I was trying to trick Clang into generating optimal code for a 128-bit "count leading zeros" function. I started with the most naive version: using u128 = __uint128_t; using u64 = uint64_t; int countleadingzerosA(u128 x) { return (x >> 64) ? __builtin_clzll(u64(x >> 64)) + 64 : __builtin_clzll(u64(x)); } testq %rsi, %rsi je .LBB1_2 bsrq %rsi, %rax xorl $63, %eax orl $64, %eax retq .LBB1_2: bsrq %rdi, %rax xorl $63, %eax retq By examining the generated code (-O3), I was able to produce this version: int countleadingzerosB(u128 x) { int lo = 63 - __builtin_clzll(u64(x)) + 64; int hi = 63 - __builtin_clzll(u64(x >> 64)); return 63 - ((x >> 64) ? hi : lo); } bsrq %rdi, %rax xorl $64, %eax bsrq %rsi, %rcx testq %rsi, %rsi cmovel %eax, %ecx movl $63, %eax subl %ecx, %eax retq I believe there are two missed optimizations here that MIGHT be relatively straightforward to implement. Number 1: According to https://www.felixcloutier.com/x86/BSR.html the instruction `bsrq %rsi, %rcx` sets ZF in exactly the same way as `testq %rsi, %rsi`, so the `testq` instruction is redundant. Number 2: If dataflow can remember that the value in %rax is in the range [0..63], then it should be able to apply the same SUB-to-XOR strength reduction that it did in countleadingzerosA: we can replace the final two instructions with `xorl $63, %ecx; movl %ecx, %eax` and then the `movl` can be eliminated by register allocation. I can easily work around number 2 by just doing `return 63 ^ ...` instead of `return 63 - ...`; I was just surprised that the compiler would do SUB-to-XOR in some places but then seemingly miss it in others.

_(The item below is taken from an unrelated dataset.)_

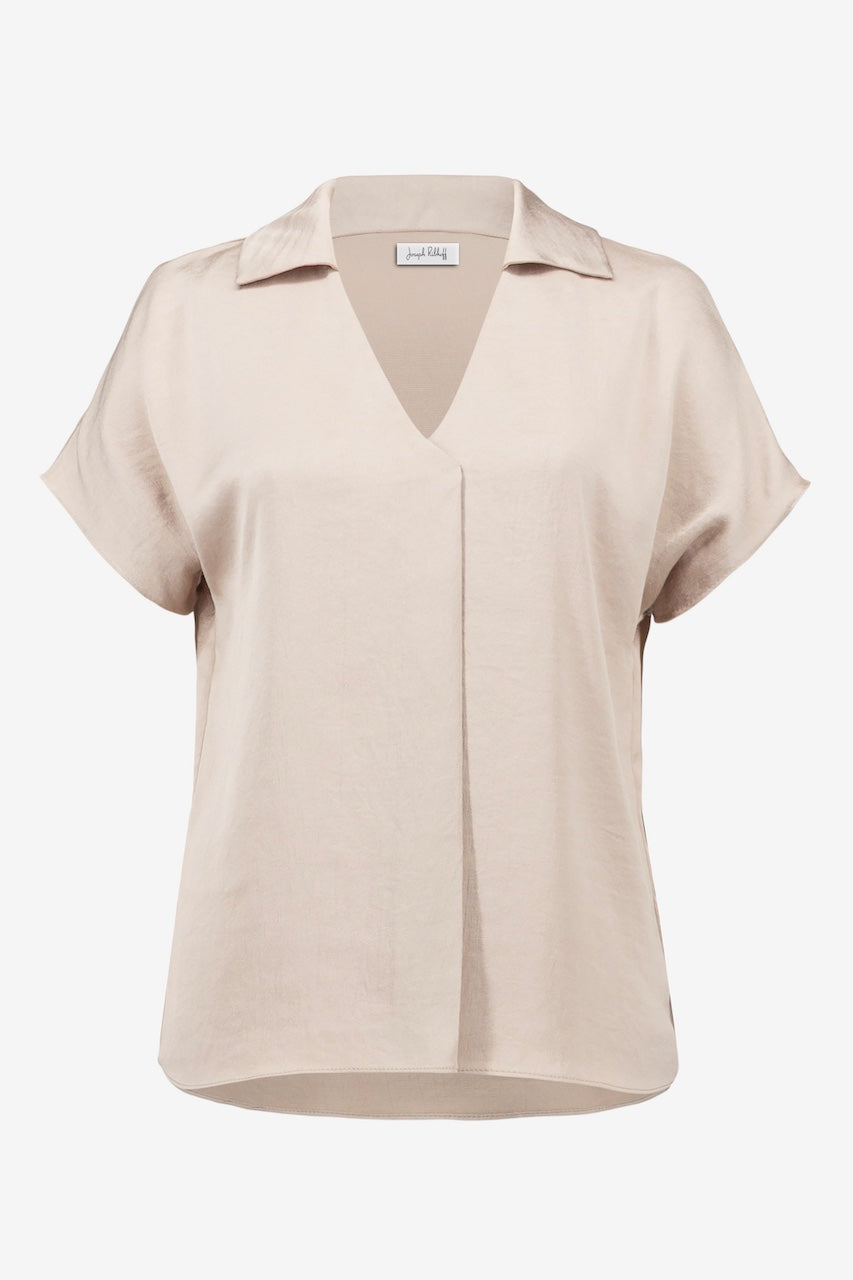 La blouse satin recyclé Joseph Ribkoff | 261191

I take back number 2: brain fart on my part! `lo` is not in the range [0..63], so subtracting from 63 and XORing with 63 will give different results. And what I meant to do was XOR, so, my "workaround" is actually the only way to do it correctly. Number 1, the zero flag set by BSR, is still a legit missed optimization AFAIK.
I just fixed the zero bit on bsr in r349531. I was coincidentally wondering about that last night while I was doing some other flag investigation. We knew we could do it for BSF but not BSR.
> I just fixed the zero bit on bsr in r349531. I confirm that https://godbolt.org/z/cbZiii is perfect now. This issue can be closed FIXED as far as I'm concerned. Thanks! :)